=== Supplied entries ===
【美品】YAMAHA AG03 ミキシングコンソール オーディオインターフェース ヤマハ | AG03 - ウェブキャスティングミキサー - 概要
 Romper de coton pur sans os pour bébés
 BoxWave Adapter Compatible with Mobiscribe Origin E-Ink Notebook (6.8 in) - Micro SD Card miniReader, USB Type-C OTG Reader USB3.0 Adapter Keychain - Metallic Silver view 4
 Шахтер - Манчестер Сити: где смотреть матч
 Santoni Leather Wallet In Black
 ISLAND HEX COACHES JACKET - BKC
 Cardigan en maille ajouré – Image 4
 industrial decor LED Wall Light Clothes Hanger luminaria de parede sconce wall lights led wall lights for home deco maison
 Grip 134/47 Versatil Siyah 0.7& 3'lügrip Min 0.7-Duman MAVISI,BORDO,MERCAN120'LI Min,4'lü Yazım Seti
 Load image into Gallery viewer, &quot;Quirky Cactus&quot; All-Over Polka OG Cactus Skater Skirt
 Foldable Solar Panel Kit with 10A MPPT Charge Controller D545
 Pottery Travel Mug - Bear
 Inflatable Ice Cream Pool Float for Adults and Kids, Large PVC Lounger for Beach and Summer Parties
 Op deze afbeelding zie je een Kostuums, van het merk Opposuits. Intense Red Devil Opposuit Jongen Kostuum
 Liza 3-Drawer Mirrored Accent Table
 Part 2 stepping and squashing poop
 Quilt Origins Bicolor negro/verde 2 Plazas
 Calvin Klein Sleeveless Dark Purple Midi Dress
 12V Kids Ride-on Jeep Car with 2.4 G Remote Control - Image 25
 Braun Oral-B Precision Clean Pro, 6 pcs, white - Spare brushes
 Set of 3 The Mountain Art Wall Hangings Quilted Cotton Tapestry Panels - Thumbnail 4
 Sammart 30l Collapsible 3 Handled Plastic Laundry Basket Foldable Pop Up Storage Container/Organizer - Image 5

=== Your instructions ===
Print only the lines from the top of the data above down to the line holding "Romper de coton pur sans os pour bébés", inclusive.

=== Your response ===
【美品】YAMAHA AG03 ミキシングコンソール オーディオインターフェース ヤマハ | AG03 - ウェブキャスティングミキサー - 概要
 Romper de coton pur sans os pour bébés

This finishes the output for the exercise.